Ranfft lists a very similar watch here -->

http://www.ranfft.de/cgi-bin/bidfun-db.cgi?10&ranfft&&2usau&1505314800

That one differs in three respects that I can see:

i) The hands are slightly different, with wider lume

ii) The batons have the lum on them, wheras mine has it on the dial next to the baton

iii) The font for the numerals is a bit more "space age-y"

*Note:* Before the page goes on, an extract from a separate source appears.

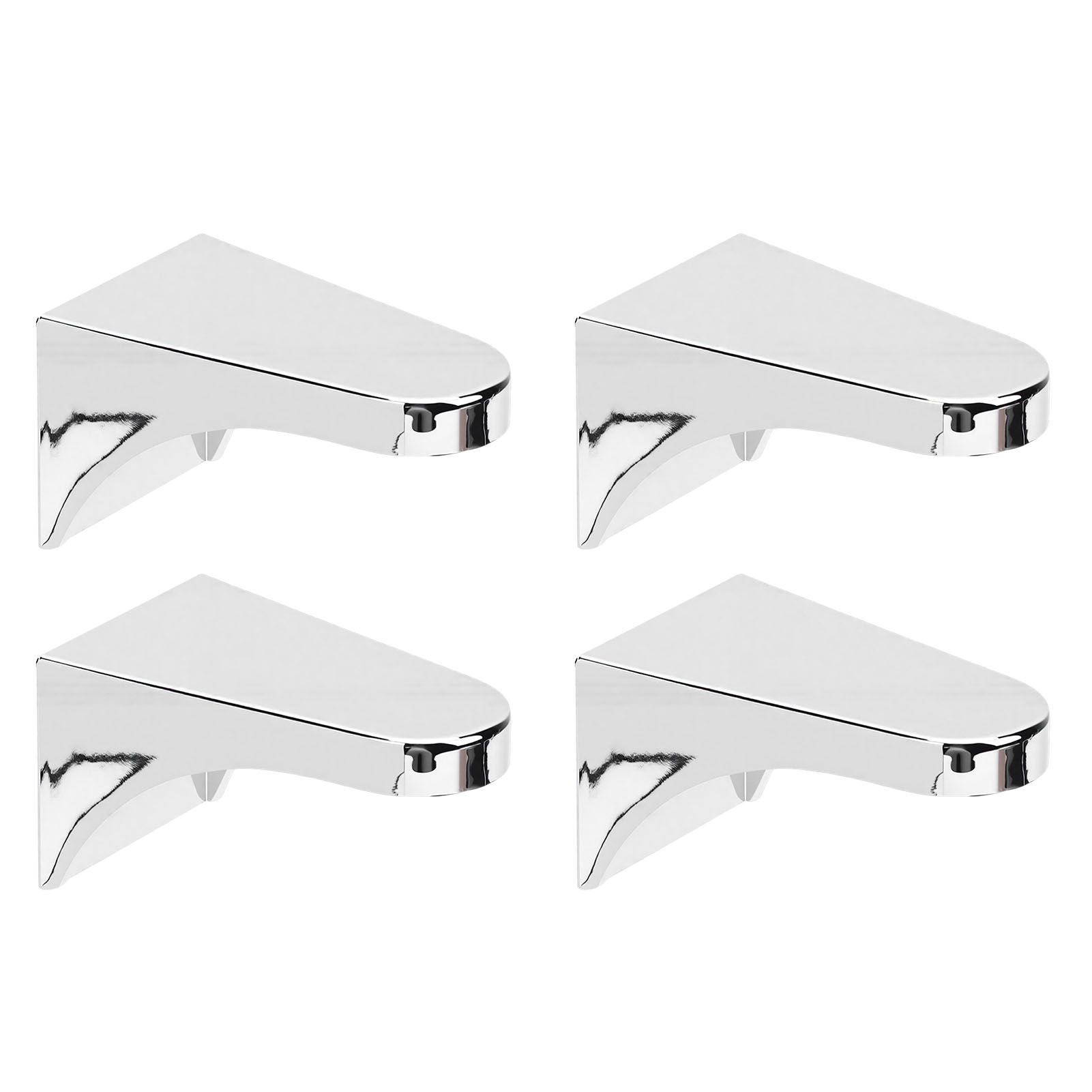 4pcs Magnetic Soap Holder Wall Mounted No Drill Soap Rack Holder for Bathroom view 11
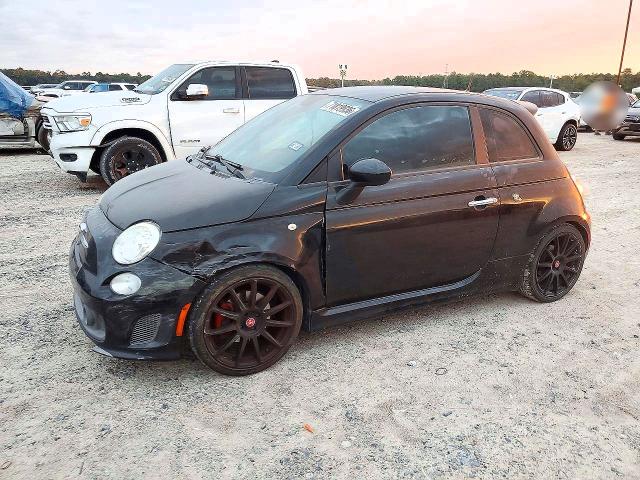 2013 FIAT 500 - Търг №71819936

Dr Ranfft gives the age of the one listed on his website as c. 1960. Frustratingly I can't make out from his image if the "T" marks are present or not.


----------



## Slim2500 (Jul 10, 2016)

I own a Helvetia from 1955 give or take a year either way it also has 17mm i think the strap is a Hirsch as it was the only one i could find in 17mm the movement in the watch is Cal 830


----------



## martinzx (Aug 29, 2010)

I like that @Boots can you post a picture of the caliber, it will a easier to date.

Cheers Martin :thumbsup:


----------



## Boots (Sep 22, 2018)

martinzx said:


> I like that @Boots can you post a picture of the caliber, it will a easier to date.
> 
> Cheers Martin :thumbsup:


 Sorry Martin, I'd love to, but so far I have failed to get the caseback off. It is a press fit, without any kind of groove or lip. I have tried, but no joy - it hasn't budged. I used Sellotape to try and protect the case, but I'm still worried about scratching the case.

It's going to need to be serviced, as it it losing quite a bit of time. @Simon2 is this a watch you would service?


----------



## vinn (Jun 14, 2015)

are you sure it is a snap back? on a very tight seam, I use a "safety razor blade" and a "jewelers hammer" to start the opening. try not to leave any blood in the case. vin


----------



## JoT (Aug 12, 2003)

@Boots Very nice find, I like it


----------



## Always"watching" (Sep 21, 2013)

Your rather nice Helvetia, dear @Boots will date to the mid or later 1950s and represents a simple hand-wound general timekeeper from the period - simplicity not meaning to be a criticism. I have found that gold plate on many of the simpler watches from the period of your Helvetia has survived far better than one would expect modern gold coatings/plate applied to last on the cheaper watches these days.


----------



## Boots (Sep 22, 2018)

Dear @Always"watching" thanks for the confirmation of a date. No criticism taken, the word "simple" is not a problem here - I come from an engineering background where, generally, simpler is better.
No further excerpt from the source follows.